Extracted entries below:

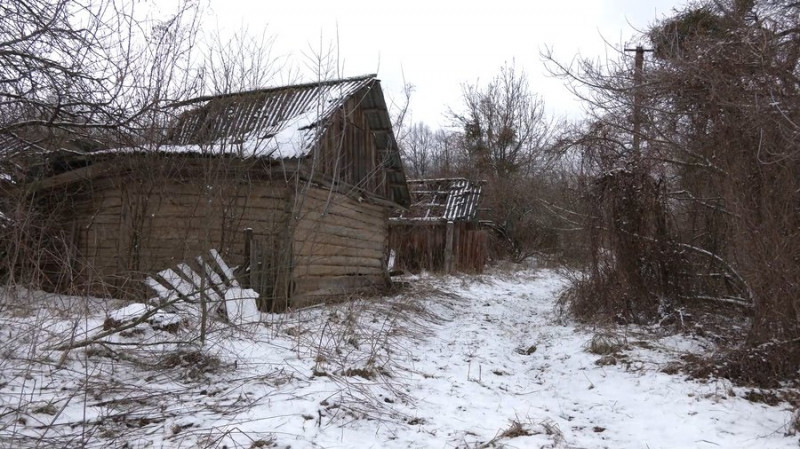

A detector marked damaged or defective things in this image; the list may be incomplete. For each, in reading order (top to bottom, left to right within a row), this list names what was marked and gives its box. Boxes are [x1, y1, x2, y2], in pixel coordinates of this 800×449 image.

broken roof edge [170, 74, 382, 108]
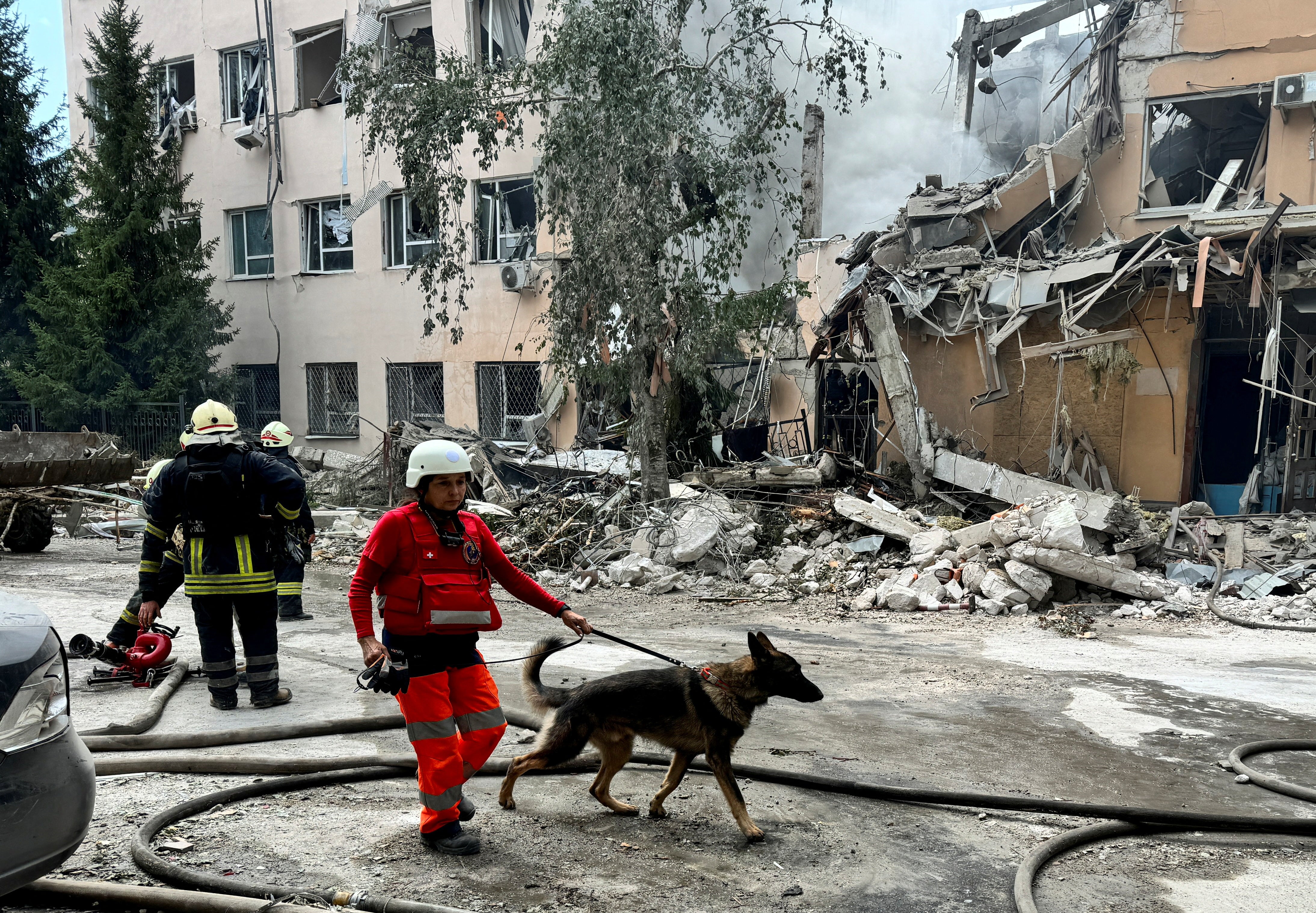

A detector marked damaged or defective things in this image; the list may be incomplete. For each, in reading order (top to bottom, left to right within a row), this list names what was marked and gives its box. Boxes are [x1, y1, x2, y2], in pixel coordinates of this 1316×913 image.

broken window [155, 59, 195, 133]
broken window [221, 46, 264, 124]
broken window [295, 23, 342, 108]
broken window [382, 5, 437, 57]
broken window [481, 0, 531, 69]
broken window [1137, 89, 1268, 210]
broken window [229, 208, 272, 279]
broken window [301, 198, 352, 274]
broken window [384, 191, 437, 264]
broken window [479, 177, 534, 260]
damaged building [789, 0, 1316, 518]
broken window [233, 363, 281, 434]
broken window [303, 363, 355, 439]
broken window [387, 363, 445, 426]
broken window [479, 360, 540, 439]
broken concrete block [768, 547, 810, 576]
broken concrete block [847, 589, 879, 610]
broken concrete block [832, 500, 926, 544]
broken concrete block [879, 587, 921, 616]
broken concrete block [905, 529, 958, 558]
broken concrete block [979, 573, 1026, 608]
broken concrete block [1000, 560, 1053, 605]
broken concrete block [1005, 544, 1174, 600]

End of Extracted entries.

**Exercise goal**
Transcribe all of the records exactly, without reproducing their pictures.

**Response box**
A detector marked damaged or defective things in this image; the list may be incomplete. For each, in reading order (top to bottom, left to right within a row), this list names what was marked and gives its box. Boxes are [x1, y1, x2, y2], in pixel coordinates of this 800×449 image.

broken roof edge [170, 74, 382, 108]

A detector marked damaged or defective things in this image; the list may be incomplete. For each, in reading order (top to bottom, left to right within a row), this list names what was marked and gives its box. Boxes are [x1, y1, x2, y2], in pixel coordinates of this 1316×913 image.

broken window [155, 59, 195, 133]
broken window [221, 46, 264, 124]
broken window [295, 23, 342, 108]
broken window [382, 5, 437, 57]
broken window [481, 0, 531, 69]
broken window [1137, 89, 1268, 210]
broken window [229, 208, 272, 279]
broken window [301, 198, 352, 274]
broken window [384, 191, 437, 264]
broken window [479, 177, 534, 260]
damaged building [789, 0, 1316, 518]
broken window [233, 363, 281, 434]
broken window [303, 363, 355, 439]
broken window [387, 363, 445, 426]
broken window [479, 360, 540, 439]
broken concrete block [768, 547, 810, 576]
broken concrete block [847, 589, 879, 610]
broken concrete block [832, 500, 926, 544]
broken concrete block [879, 587, 921, 616]
broken concrete block [905, 529, 958, 558]
broken concrete block [979, 573, 1026, 608]
broken concrete block [1000, 560, 1053, 605]
broken concrete block [1005, 544, 1174, 600]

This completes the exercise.